M. de Simoncourt lifted his hat, and was graciously pleased to remember the circumstance.
“And now,” pursued Dalrymple, “having met, what shall, we do next? Have you any engagement for the small hours, De Simoncourt?”
“I am quite at your disposal. Where were your bound for?”
“Anywhere—everywhere. I want excitement.”
“Would a hand at ecarte, or a green table, have any attraction for you?” suggested De Simoncourt, falling into the trap as readily as one could have desired.
“The very thing, if you know where they are to be found!”
“Nay, I need not take you far to find both. There is in this very street a house where money may be lost and won as easily as at the Bourse. Follow me.”
He took us to the white house at the corner, and, pressing a spring concealed in the wood-work of the lintel, rung a bell of shrill and peculiar timbre. The door opened immediately, and, after we had passed in, closed behind us without any visible agency. Still following at the heels of M. de Simoncourt, we then went up a spacious staircase dimly lighted, and, leaving our hats in an ante-room, entered unannounced into an elegant salon, where some twenty or thirty habitues of both sexes had already commenced the business of the evening. The ladies, of whom there were not more than half-a-dozen, were all more or less painted, passees, and showily dressed. Among the men were military stocks, ribbons, crosses, stars, and fine titles in abundance.
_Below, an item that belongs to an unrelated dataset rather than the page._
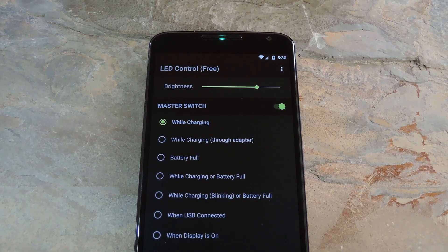Hey what's up everybody, it's Dallas with GadgetHacks and today I'm going to show you how to enable a charging LED on your Nexus 6.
We were evidently supposed to be in very brilliant society—brilliant, however, with a fictitious lustre that betrayed the tinsel beneath, and reminded one of a fashionable reception on the boards of the Haymarket or the Porte St. Martin. The mistress of the house, an abundant and somewhat elderly Juno in green velvet, with a profusion of jewelry on her arms and bosom, came forward to receive us.
“Madame de Sainte Amaranthe, permit me to present my friends, Major Dalrymple and Mr. Arbuthnot,” said De Simoncourt, imprinting a gallant kiss on the plump hand of the hostess.